**What you need to do**: Your answer must be the full listing, word for word, with no images in it.

**Data section**:

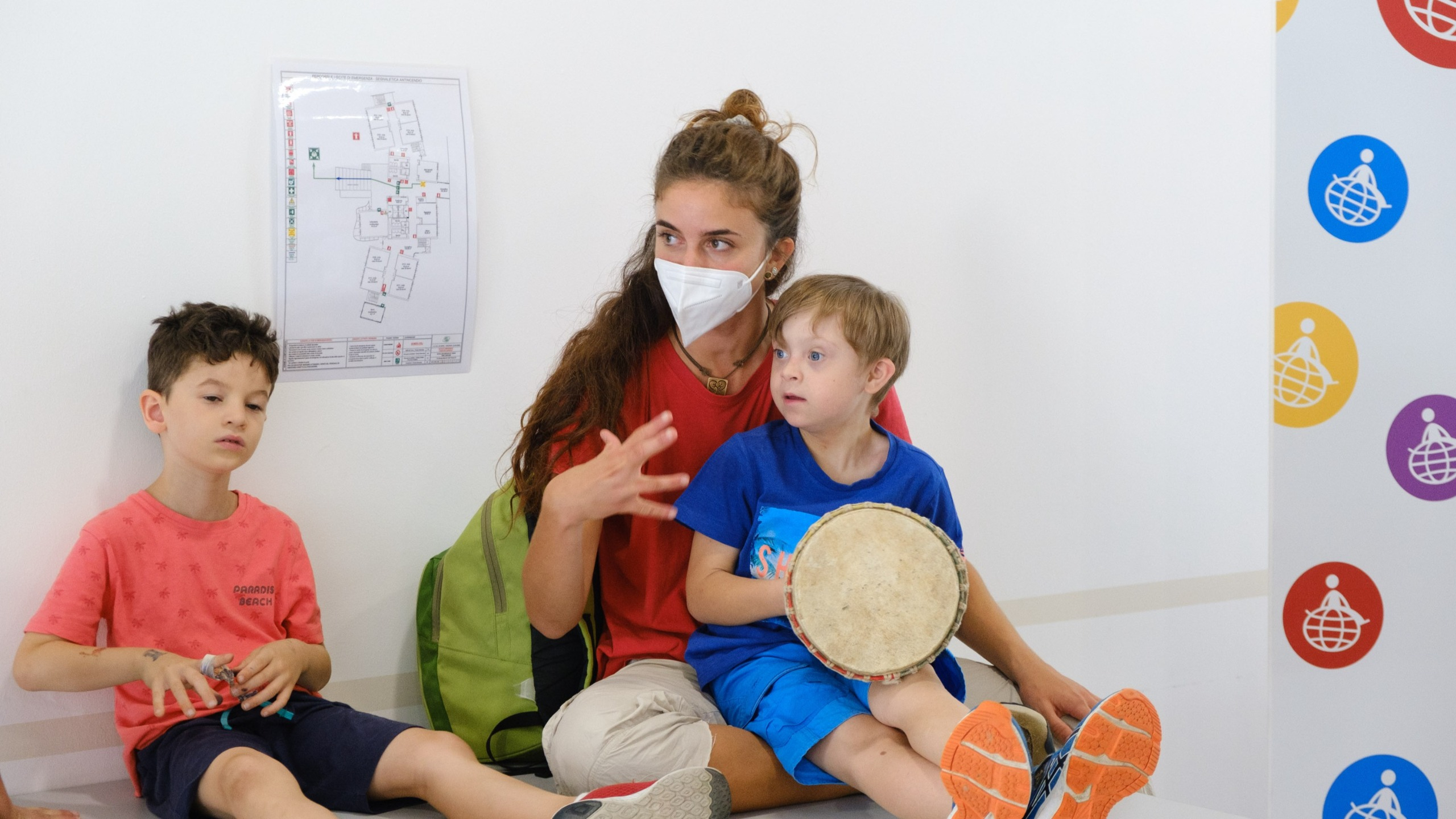 RUN TO HAPPINESS MILANO MARATHON 2023 di Dynamo Camp RUN TO HAPPINESS MILANO MARATHON 2023-Dynamo Camp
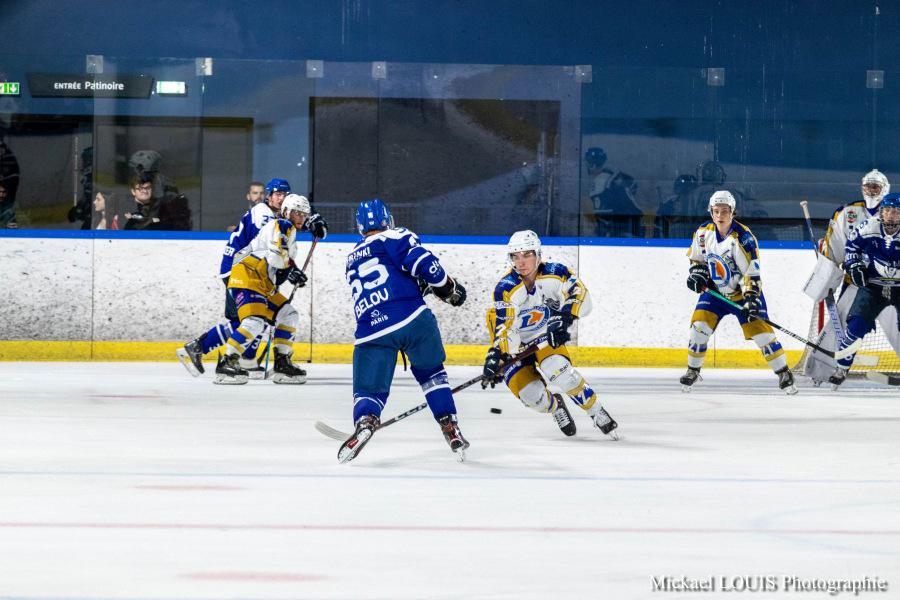 Paris (FV) 9 - 7 Reims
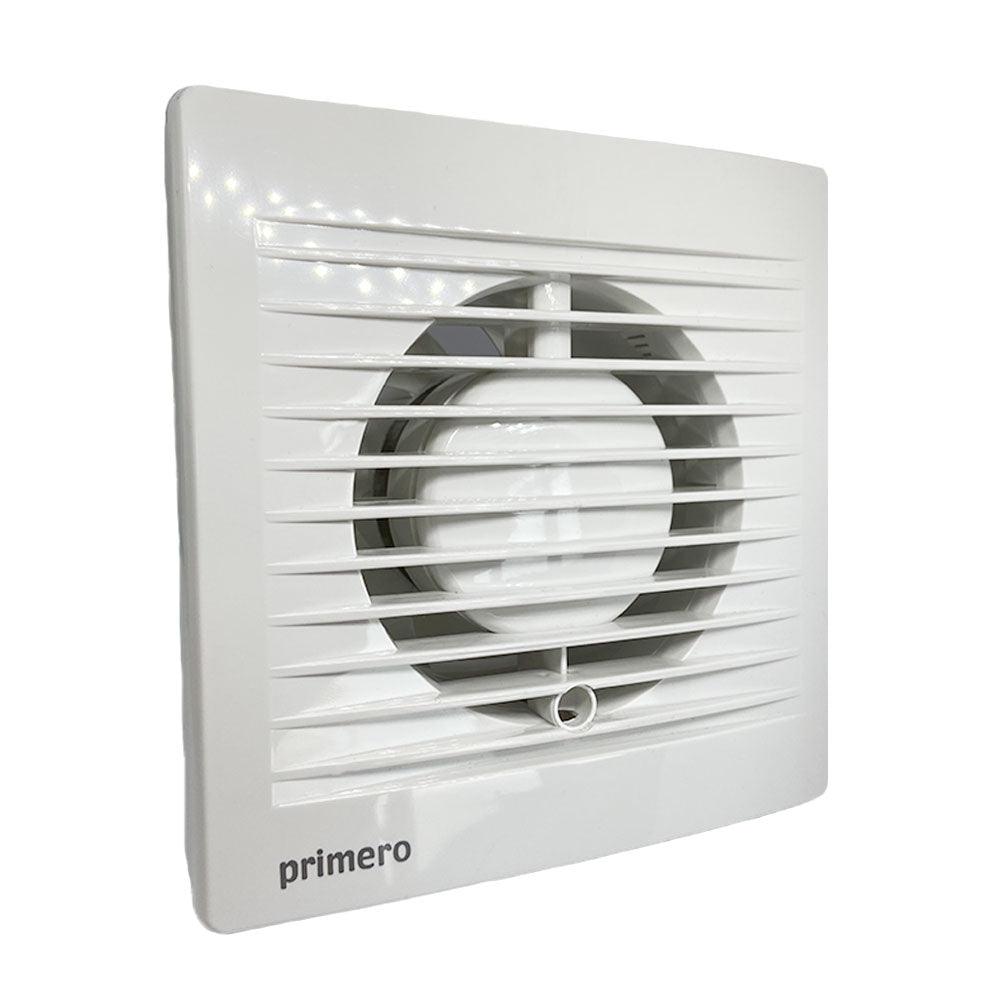 Manrose Primero Four Inch Low Voltage Extractor Fan Timer – Gil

**Answer to the problem**:
 RUN TO HAPPINESS MILANO MARATHON 2023 di Dynamo Camp RUN TO HAPPINESS MILANO MARATHON 2023-Dynamo Camp
 Paris (FV) 9 - 7 Reims
 Manrose Primero Four Inch Low Voltage Extractor Fan Timer – Gil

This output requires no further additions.